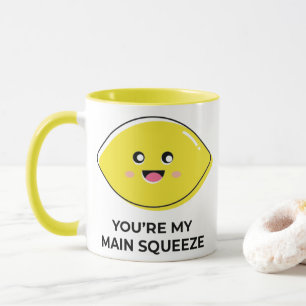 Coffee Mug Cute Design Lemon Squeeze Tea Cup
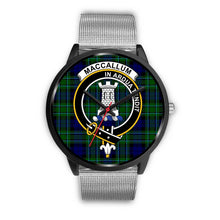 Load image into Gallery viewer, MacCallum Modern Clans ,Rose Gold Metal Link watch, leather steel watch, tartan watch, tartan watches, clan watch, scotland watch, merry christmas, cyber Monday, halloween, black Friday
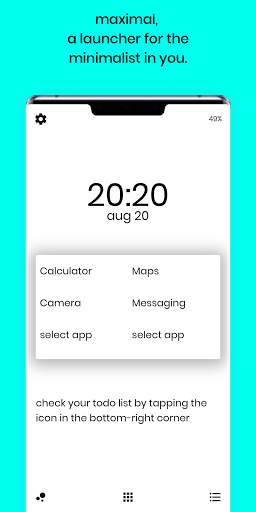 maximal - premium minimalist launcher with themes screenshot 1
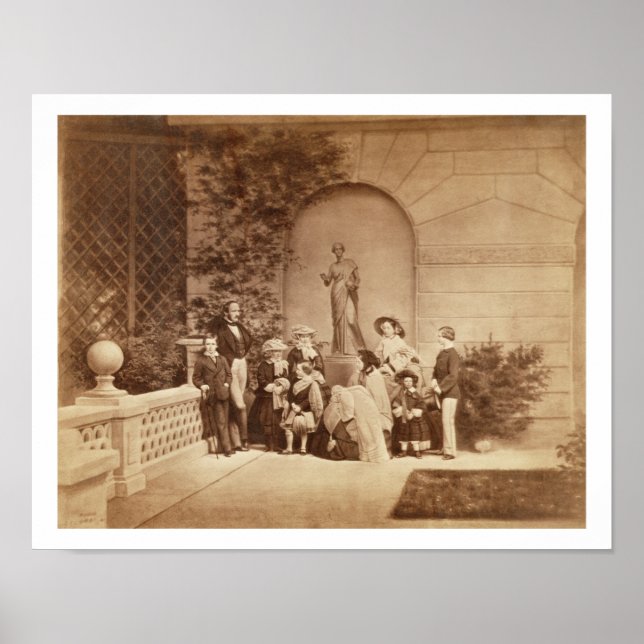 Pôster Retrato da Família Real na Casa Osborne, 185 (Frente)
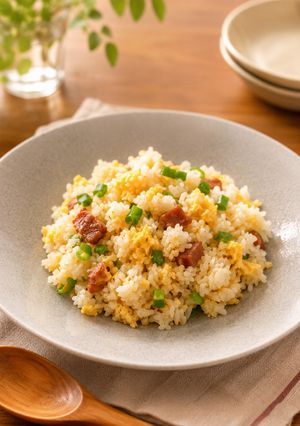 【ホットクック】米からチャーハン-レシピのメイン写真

====================

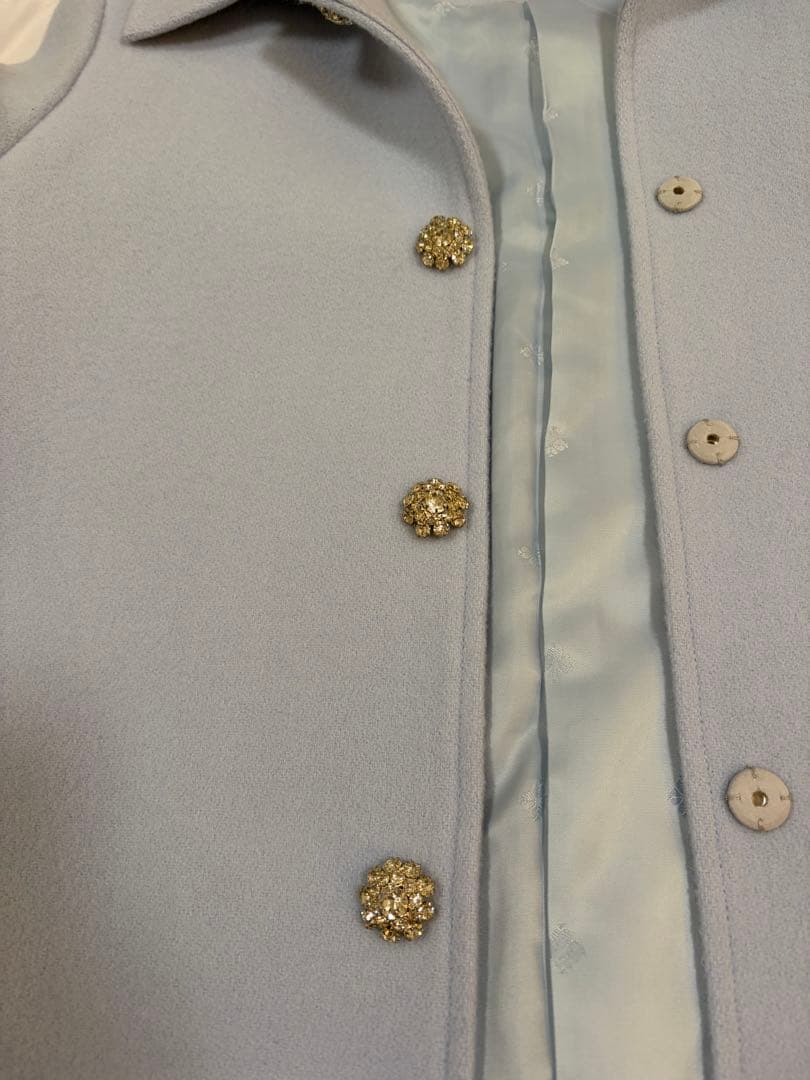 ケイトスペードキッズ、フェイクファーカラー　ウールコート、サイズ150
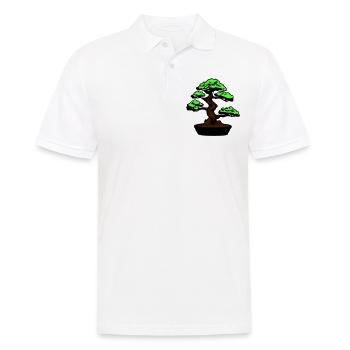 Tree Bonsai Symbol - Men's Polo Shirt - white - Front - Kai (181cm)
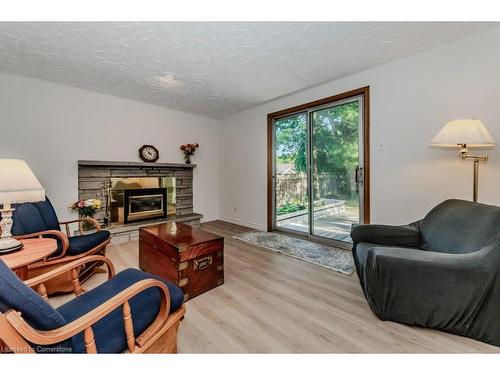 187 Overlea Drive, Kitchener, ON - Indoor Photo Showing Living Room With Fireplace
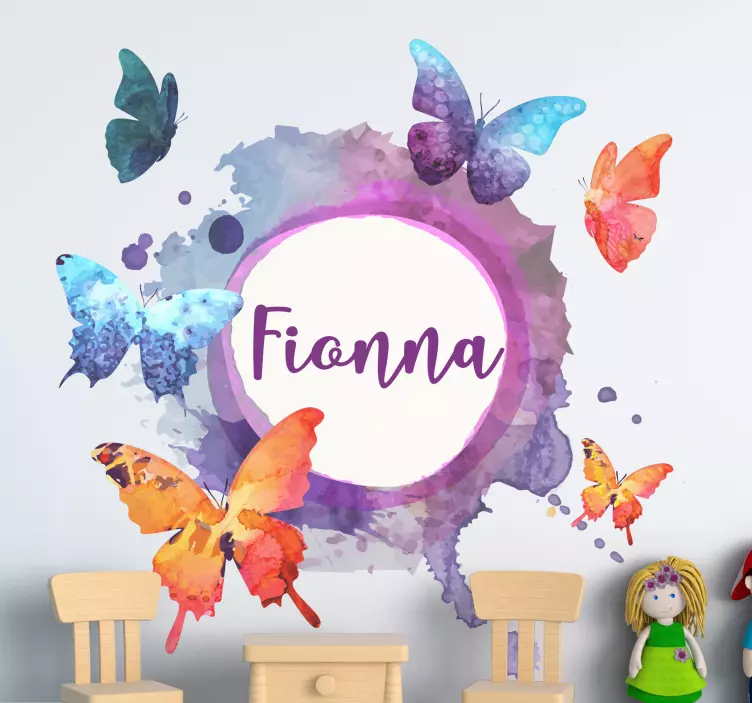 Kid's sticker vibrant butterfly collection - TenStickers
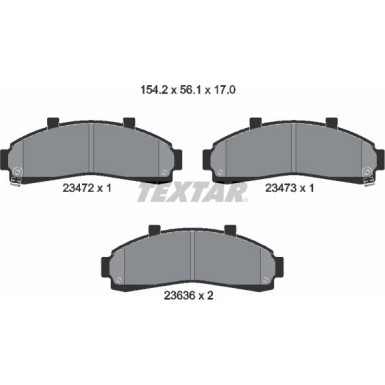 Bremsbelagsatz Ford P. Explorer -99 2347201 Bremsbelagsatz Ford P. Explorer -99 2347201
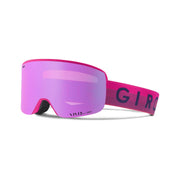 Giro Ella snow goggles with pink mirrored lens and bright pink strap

====================

# [Exercise directions]
Looking above, find the stretch of lines that opens with the one holding "ケイトスペードキッズ、フェイクファーカラー　ウールコート、サイズ150" and closes with the one holding "Giro Ella snow". Copy it exactly, pictures excluded.

# [Exercise solution]
 ケイトスペードキッズ、フェイクファーカラー　ウールコート、サイズ150
 Tree Bonsai Symbol - Men's Polo Shirt - white - Front - Kai (181cm)
 187 Overlea Drive, Kitchener, ON - Indoor Photo Showing Living Room With Fireplace
 Kid's sticker vibrant butterfly collection - TenStickers
 Bremsbelagsatz Ford P. Explorer -99 2347201 Bremsbelagsatz Ford P. Explorer -99 2347201
 Giro Ella snow goggles with pink mirrored lens and bright pink strap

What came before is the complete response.